TASK DETAILS :: Below are records; please give the number of their lines that contain the string "Fashion", and only that number.

RECORDS FOR PROCESSING ::
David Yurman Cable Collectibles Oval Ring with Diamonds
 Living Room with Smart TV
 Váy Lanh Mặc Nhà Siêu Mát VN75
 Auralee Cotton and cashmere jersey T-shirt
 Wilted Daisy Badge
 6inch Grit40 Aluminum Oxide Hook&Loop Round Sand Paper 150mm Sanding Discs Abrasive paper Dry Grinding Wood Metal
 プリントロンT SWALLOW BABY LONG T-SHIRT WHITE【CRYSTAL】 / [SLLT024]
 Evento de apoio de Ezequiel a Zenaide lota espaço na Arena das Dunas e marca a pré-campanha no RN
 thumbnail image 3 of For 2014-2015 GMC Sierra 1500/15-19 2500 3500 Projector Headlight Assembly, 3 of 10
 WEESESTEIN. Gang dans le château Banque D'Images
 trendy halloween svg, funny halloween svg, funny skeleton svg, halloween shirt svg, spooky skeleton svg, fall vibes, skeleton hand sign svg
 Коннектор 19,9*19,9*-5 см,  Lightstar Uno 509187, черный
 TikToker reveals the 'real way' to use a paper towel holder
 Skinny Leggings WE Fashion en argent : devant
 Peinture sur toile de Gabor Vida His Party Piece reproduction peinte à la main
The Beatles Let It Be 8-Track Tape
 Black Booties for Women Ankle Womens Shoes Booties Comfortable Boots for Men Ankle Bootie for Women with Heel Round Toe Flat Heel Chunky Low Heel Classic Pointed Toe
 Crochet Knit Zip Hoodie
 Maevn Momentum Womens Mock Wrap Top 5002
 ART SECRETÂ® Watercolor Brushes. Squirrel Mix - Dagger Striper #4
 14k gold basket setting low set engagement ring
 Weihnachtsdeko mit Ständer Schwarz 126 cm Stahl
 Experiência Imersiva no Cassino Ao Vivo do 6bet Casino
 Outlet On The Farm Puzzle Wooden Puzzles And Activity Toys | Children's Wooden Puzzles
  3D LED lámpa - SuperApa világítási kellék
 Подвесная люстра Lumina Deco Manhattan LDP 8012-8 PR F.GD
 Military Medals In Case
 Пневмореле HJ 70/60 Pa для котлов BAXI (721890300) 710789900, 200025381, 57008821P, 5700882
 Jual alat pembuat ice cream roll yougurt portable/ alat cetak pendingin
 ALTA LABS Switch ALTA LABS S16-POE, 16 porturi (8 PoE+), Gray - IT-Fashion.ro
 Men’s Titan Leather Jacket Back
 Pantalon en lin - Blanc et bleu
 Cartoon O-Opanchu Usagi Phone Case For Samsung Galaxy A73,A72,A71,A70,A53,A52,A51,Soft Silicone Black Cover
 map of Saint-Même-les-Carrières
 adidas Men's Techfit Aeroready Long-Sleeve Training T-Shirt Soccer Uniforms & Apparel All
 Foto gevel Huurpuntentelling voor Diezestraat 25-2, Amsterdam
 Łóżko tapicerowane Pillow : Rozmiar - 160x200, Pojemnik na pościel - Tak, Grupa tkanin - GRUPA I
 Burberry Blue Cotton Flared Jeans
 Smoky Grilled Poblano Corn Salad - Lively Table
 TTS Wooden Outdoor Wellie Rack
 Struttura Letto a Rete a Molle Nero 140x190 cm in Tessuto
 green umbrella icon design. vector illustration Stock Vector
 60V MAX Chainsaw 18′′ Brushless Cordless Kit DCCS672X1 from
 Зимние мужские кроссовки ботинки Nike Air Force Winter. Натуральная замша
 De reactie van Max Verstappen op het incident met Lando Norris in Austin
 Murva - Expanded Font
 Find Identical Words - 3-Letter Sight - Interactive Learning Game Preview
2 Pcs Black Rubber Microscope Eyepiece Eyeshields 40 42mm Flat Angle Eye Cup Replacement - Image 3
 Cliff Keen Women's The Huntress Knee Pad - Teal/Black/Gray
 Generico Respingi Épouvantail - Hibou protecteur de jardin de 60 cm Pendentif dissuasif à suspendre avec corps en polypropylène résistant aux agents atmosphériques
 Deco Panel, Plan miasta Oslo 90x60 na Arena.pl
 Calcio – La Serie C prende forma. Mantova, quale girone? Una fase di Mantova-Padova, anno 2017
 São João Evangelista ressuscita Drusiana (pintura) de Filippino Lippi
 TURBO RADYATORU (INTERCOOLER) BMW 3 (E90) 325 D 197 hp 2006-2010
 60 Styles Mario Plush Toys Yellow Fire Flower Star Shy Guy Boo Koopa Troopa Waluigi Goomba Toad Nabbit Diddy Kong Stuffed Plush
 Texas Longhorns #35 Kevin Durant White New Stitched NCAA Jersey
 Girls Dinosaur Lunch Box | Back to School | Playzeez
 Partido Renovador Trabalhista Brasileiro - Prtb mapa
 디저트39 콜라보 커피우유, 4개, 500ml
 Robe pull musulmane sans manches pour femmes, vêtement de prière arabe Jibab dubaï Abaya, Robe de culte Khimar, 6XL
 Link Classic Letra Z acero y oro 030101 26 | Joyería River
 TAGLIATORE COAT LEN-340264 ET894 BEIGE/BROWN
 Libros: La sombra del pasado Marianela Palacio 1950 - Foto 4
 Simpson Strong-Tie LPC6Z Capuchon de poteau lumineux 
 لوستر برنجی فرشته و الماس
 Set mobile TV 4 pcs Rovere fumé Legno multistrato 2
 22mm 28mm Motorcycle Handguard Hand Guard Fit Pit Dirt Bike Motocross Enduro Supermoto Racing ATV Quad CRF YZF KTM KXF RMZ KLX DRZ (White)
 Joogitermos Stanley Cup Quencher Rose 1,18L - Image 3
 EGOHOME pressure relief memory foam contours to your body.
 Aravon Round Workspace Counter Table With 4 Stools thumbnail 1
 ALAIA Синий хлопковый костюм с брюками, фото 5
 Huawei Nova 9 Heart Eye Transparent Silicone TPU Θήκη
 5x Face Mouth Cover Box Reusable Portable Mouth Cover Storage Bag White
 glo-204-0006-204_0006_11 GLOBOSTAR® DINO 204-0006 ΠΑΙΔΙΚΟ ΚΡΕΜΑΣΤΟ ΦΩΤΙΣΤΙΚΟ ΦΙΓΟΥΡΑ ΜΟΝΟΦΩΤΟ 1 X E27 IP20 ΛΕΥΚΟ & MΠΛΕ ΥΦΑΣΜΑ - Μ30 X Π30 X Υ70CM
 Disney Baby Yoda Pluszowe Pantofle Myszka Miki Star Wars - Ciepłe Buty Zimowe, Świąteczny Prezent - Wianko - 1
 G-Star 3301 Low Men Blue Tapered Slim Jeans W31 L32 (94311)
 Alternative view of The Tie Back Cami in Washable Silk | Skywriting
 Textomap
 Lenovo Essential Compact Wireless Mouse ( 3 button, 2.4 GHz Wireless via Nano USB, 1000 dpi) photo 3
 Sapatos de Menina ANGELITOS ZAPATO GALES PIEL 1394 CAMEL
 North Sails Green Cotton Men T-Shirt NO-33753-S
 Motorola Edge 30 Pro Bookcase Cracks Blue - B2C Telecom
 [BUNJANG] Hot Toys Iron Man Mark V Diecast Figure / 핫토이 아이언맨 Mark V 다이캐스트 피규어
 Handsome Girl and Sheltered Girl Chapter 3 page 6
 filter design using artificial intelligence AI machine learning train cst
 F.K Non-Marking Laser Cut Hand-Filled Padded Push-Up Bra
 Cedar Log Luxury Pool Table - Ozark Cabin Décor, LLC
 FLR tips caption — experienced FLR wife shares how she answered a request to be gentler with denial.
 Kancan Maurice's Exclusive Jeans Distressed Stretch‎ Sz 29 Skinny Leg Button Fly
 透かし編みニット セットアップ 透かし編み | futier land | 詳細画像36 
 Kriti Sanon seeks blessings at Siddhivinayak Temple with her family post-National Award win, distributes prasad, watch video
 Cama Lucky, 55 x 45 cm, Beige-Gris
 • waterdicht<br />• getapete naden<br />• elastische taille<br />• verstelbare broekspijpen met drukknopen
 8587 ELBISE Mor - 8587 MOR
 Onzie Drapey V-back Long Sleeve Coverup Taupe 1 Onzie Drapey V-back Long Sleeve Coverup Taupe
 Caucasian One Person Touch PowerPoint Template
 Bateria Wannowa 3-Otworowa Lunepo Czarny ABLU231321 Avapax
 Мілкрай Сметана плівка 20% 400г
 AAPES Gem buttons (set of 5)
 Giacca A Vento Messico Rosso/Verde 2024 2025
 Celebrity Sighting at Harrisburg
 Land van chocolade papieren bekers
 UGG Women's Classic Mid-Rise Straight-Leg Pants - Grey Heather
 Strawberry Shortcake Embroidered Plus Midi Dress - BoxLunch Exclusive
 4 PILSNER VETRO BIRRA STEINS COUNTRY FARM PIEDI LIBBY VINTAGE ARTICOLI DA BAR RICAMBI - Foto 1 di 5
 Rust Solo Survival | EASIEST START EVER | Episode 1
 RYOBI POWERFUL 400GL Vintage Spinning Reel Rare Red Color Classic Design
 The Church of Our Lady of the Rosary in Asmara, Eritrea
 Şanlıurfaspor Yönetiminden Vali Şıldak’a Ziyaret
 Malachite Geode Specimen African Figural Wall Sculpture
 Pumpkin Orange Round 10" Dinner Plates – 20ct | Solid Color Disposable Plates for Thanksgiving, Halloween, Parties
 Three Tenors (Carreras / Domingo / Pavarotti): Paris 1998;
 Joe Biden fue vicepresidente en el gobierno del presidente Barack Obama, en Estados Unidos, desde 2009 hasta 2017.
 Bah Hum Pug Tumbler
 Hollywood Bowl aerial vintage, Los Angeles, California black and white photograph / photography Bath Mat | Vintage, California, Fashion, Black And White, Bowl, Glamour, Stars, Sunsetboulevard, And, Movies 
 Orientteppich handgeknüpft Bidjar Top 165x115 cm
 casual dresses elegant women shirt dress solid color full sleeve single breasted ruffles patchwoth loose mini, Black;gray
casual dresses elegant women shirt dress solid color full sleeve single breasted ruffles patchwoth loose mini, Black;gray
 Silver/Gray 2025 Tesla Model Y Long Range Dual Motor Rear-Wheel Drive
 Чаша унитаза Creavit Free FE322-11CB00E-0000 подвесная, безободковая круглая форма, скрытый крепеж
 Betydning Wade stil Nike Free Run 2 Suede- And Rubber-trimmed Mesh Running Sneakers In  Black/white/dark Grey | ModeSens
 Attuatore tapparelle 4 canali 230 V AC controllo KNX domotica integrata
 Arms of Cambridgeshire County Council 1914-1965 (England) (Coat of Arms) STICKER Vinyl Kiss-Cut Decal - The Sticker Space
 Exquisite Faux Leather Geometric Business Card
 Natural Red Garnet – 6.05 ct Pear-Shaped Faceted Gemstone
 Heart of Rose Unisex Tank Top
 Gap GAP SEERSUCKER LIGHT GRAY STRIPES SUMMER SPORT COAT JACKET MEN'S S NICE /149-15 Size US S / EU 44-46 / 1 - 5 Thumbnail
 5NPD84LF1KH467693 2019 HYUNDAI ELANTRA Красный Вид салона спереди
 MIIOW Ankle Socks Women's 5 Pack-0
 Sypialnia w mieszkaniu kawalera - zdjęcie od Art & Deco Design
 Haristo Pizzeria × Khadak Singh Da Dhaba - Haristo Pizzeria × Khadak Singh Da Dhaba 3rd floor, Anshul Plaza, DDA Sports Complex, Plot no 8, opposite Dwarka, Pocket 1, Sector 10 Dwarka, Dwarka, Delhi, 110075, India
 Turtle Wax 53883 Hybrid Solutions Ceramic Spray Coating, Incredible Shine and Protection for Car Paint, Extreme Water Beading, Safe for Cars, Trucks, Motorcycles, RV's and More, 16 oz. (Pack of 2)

OUTPUT :: 3